> Exercise details
From the first line to the last, output the data exactly as it stands, minus its pictures.

> Web page caption snippets
━━━━━━━━

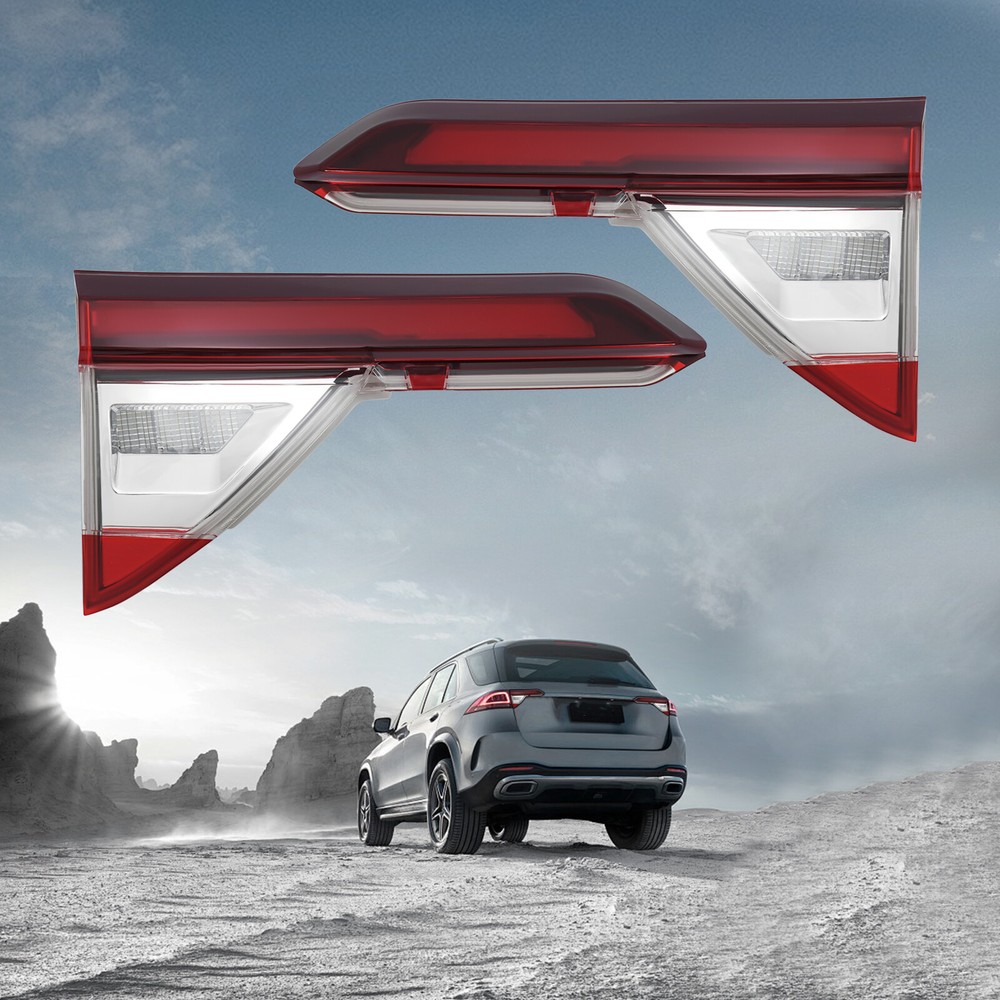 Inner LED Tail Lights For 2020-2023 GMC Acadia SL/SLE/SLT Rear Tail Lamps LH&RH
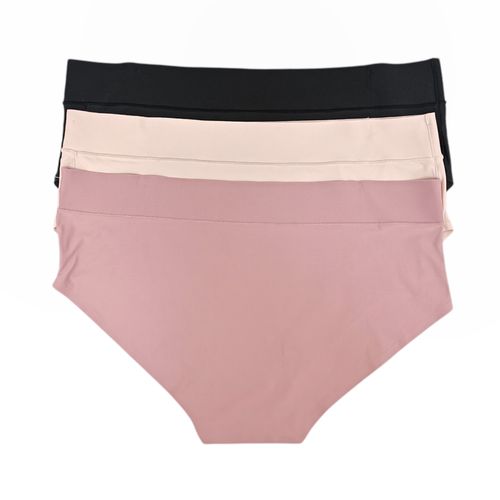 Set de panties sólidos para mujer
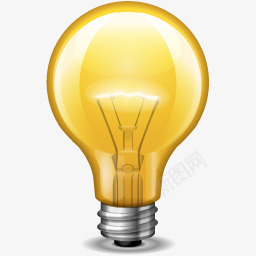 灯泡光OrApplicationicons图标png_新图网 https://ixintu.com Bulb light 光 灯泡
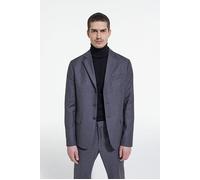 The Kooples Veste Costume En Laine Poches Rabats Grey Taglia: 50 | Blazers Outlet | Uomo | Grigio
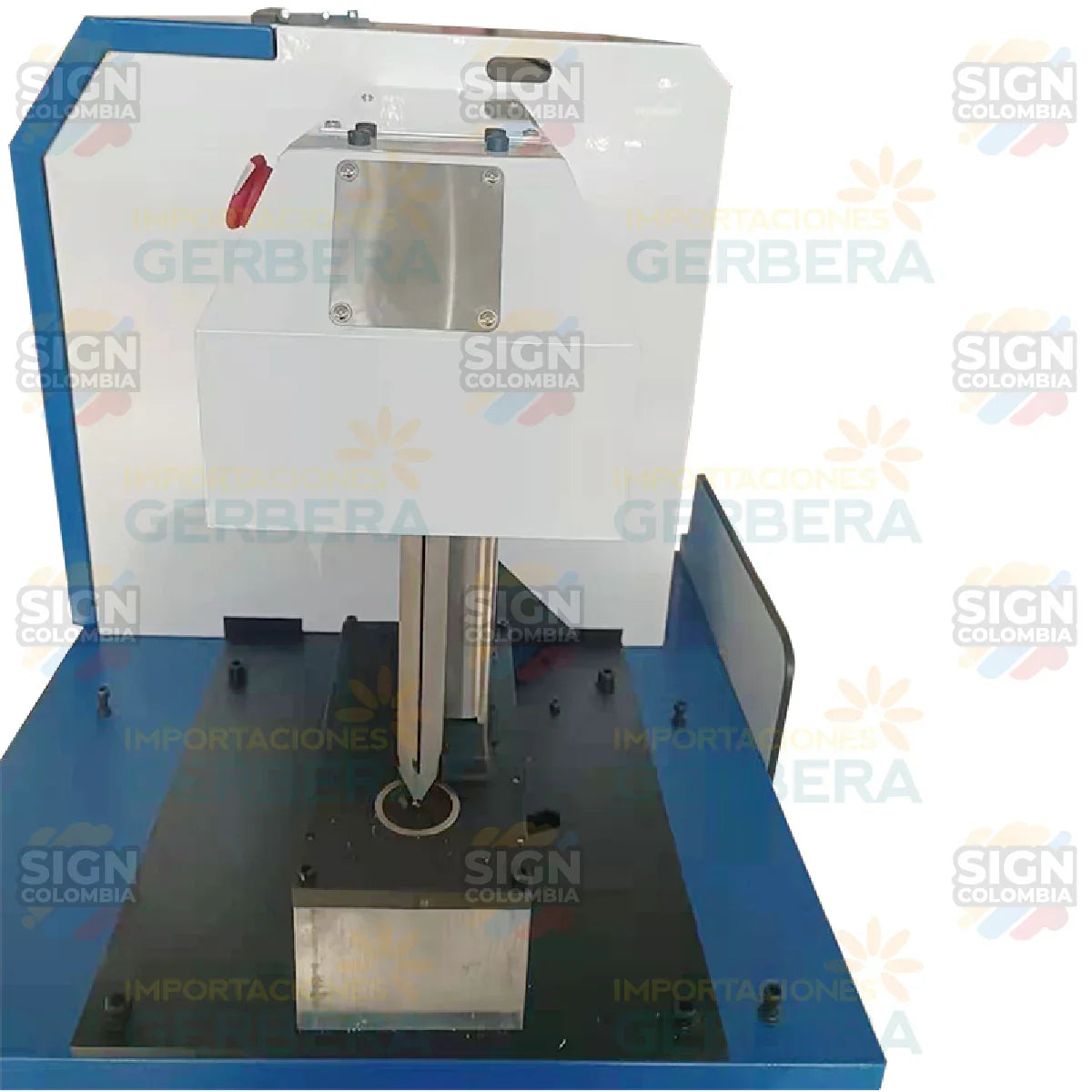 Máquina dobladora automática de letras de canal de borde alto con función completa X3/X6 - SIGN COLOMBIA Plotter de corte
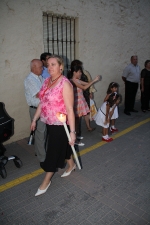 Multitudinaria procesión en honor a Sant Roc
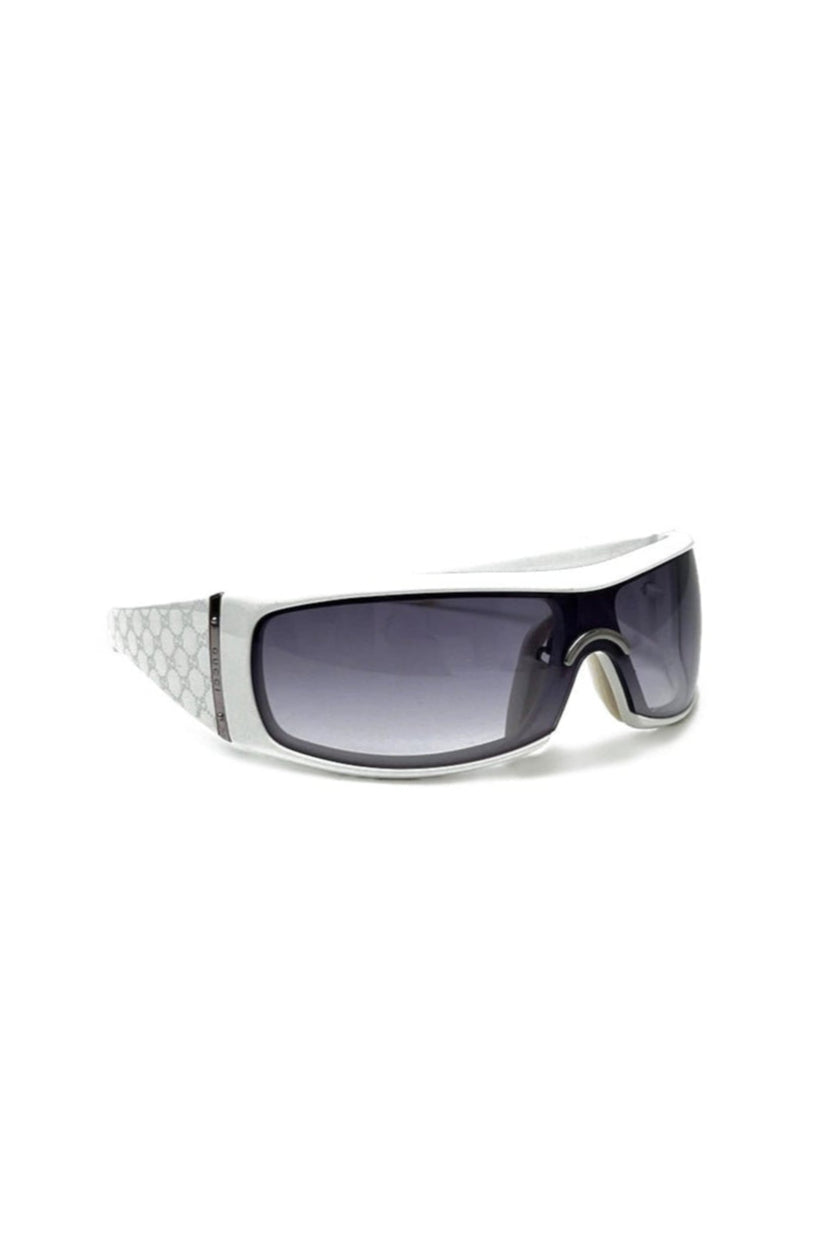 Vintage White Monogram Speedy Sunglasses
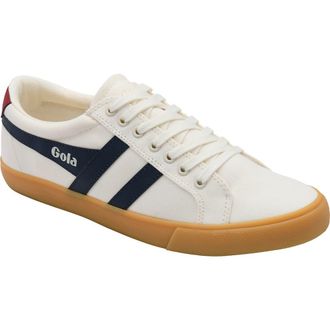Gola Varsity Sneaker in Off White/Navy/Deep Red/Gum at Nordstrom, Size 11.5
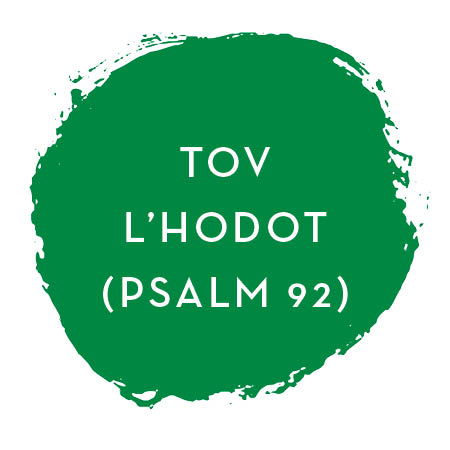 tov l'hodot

━━━━━━━━

> Result of this exercise
 Inner LED Tail Lights For 2020-2023 GMC Acadia SL/SLE/SLT Rear Tail Lamps LH&RH
 Set de panties sólidos para mujer
 灯泡光OrApplicationicons图标png_新图网 https://ixintu.com Bulb light 光 灯泡
 The Kooples Veste Costume En Laine Poches Rabats Grey Taglia: 50 | Blazers Outlet | Uomo | Grigio
 Máquina dobladora automática de letras de canal de borde alto con función completa X3/X6 - SIGN COLOMBIA Plotter de corte
 Multitudinaria procesión en honor a Sant Roc
 Vintage White Monogram Speedy Sunglasses
Gola Varsity Sneaker in Off White/Navy/Deep Red/Gum at Nordstrom, Size 11.5
 tov l'hodot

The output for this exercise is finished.